Um in Zukunft die Berücksichtigung zeitlicher Dynamiken in der Forschung an Ökosystemleistungen zu vereinfachen, haben wir ein Konzept erarbeitet, das aus drei verschiedenen Arten von zeitlichen Dynamiken besteht. Da nicht nur die Bereitstellung, sondern auch die Nachfrage nach Ökosystemleistungen zeitlichen Dynamiken unterworfen ist, unterscheiden wir zudem zwischen der Bereitstellungs- und der Nachfrageperspektive. Dazu zeigen wir in unserer Studie Beispiele aus der Literatur verschiedene Ökosystemleistungen auf.

Wir unterscheiden zwischen linearen und nicht-linearen Dynamiken. Lineare Dynamiken können steigend (siehe Abb. 1), fallend oder auch auf einem gleichbleibendem Niveau verlaufen. Ein Beispiel hierfür ist der globale Anstieg der Menge des geernteten Getreides zwischen den 1960er und 1980er Jahren um fast 90%. Auch die Nachfrage nach dieser Ökosystemleistung ist gewachsen. So ist die Unterernährung weltweit von 1990 bis 2008 um 9% gestiegen. Die Gründe hierfür sind nicht nur die wachsende Bevölkerung, sondern auch die Veränderung hin zu einer eher fleischbasierten Ernährung, z.B. in China. Da der Umwandlungswirkungsgrad von pflanzlichem Material in Fleisch nur ca. 10% beträgt, müssen insgesamt mehr Pflanzen angebaut werden.

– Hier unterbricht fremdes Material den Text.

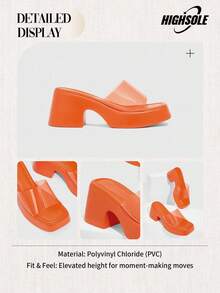 HighSole Woman Shoes Minimalist Thick Sole Single Band Fashion Summer Orange Wedge Slide Sandals For Summer Vacation Shoes Summer Party Baddie Chic Gorgeous Style Spring Shoes Spring Break Easter - Orange - View 14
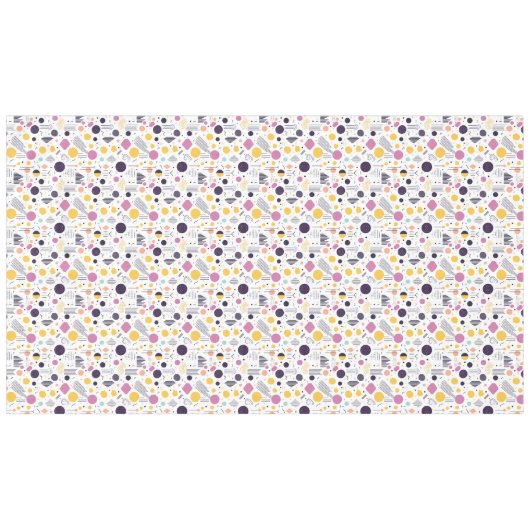 Retro Geometric Abstrakt Pat#8 Magenta ID1067 Tischdecke (Vorderseite (Horizontal))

Abb. 1: Linear steigende Dynamik.

Ein besonderer Fall der linearen Dynamiken sind die periodischen Dynamiken. Hierunter verstehen wir regelmäßig auftretende Schwankungen um einen Mittelwert (siehe Abb. 2), wie zum Beispiel jahreszeitlich bedingte Schwankungen des Ernteertrags eines landwirtschaftlich genutzten Feldes. Es gibt auch jahreszeitlich schwankende Nachfragen, wie die der kleinen Fischereibetriebe an der Küste Andalusiens, die noch mit der traditionellen Methode, der Almadraba, arbeiten. Zweimal im Jahr erwarten sie die Fische, einmal auf ihrem Zug zu den Laichplätzen im Mittelmeer und anschließend auf dem Weg zurück in den Ozean. Allerdings hat sich allein zwischen 1999 und 2003 die auf traditionelle Weise gefangene Menge an Thunfisch um 80% verringert, insbesondere, da die Jungfische mit industriellen Methoden gefangen und in Thunfischfarmen gemästet werden. Somit ist der saisonale Bedarf noch vorhanden, die Bereitstellung der Ökosystemleistungen jedoch aus Perspektive der traditionellen Fischer nicht ausreichend gewährleistet.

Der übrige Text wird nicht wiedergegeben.